No permitamos que María y José tengan que pasar de largo, porque no encuentren un lugar en nuestro corazón; cada uno verá lo que tiene que limpiar, para que la Luz de Belén llegue hasta el fondo de nuestra vida, y de la de otros muchos que están a nuestro alrededor, a los que podemos anunciarles con gozo, como hicieron los pastores, que ha nacido el Salvador.
ADVIENTO

No se puede determinar con exactitud cuando fue por primera vez introducida en la Iglesia la celebración del Adviento.
La preparación para la fiesta de la Navidad no debió ser anterior a la existencia de la misma fiesta, y de ésta no encontramos evidencia antes del final del siglo cuarto cuando, era celebrada en toda la Iglesia, por algunos el 25 de Diciembre, por otros el 6 de Enero.
Con el Adviento comienza el año eclesiástico en las Iglesias occidentales.
Durante este tiempo los creyentes son exhortados:
- A preparar dignamente a celebrar el aniversario de la venida del Señor al mundo como la encarnación del Dios de amor.

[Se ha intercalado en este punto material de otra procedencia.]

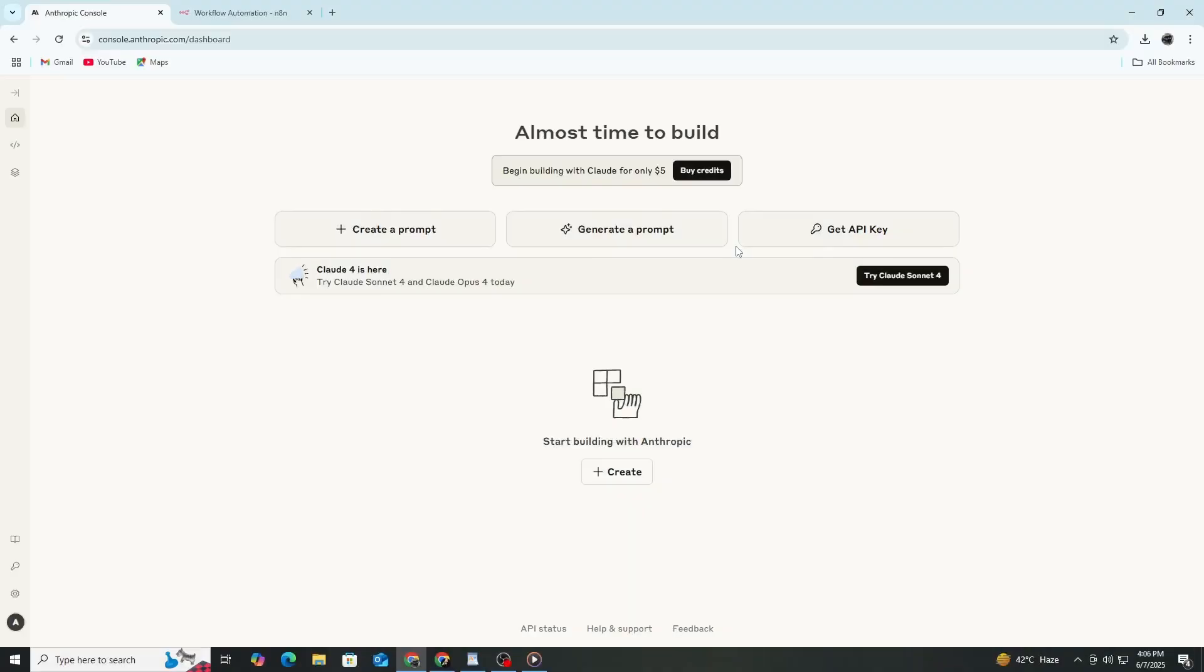Welcome. In this video, I will show you how to get your API key from the Anthropic console and use it to connect Claude AI to N8n.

- De manera que sus almas sean moradas adecuadas al Redentor que viene a través de la Sagrada Comunión y de la gracia, y
- En consecuencia estén preparados para su venida final como juez, en la muerte y en el fin del mundo.
Empieza el tiempo litúrgico de Adviento.
Hoy -dice Dios- va a renacer la esperanza. Os voy a ofrecer signos. Levantad la cabeza para recuperar el ánimo. Perseverad y despertad …
Porque Dios hace señales a todos los hombres y mujeres tan necesitados de esperanza en medio del desencanto, las injusticias, las guerras y el sufrimiento.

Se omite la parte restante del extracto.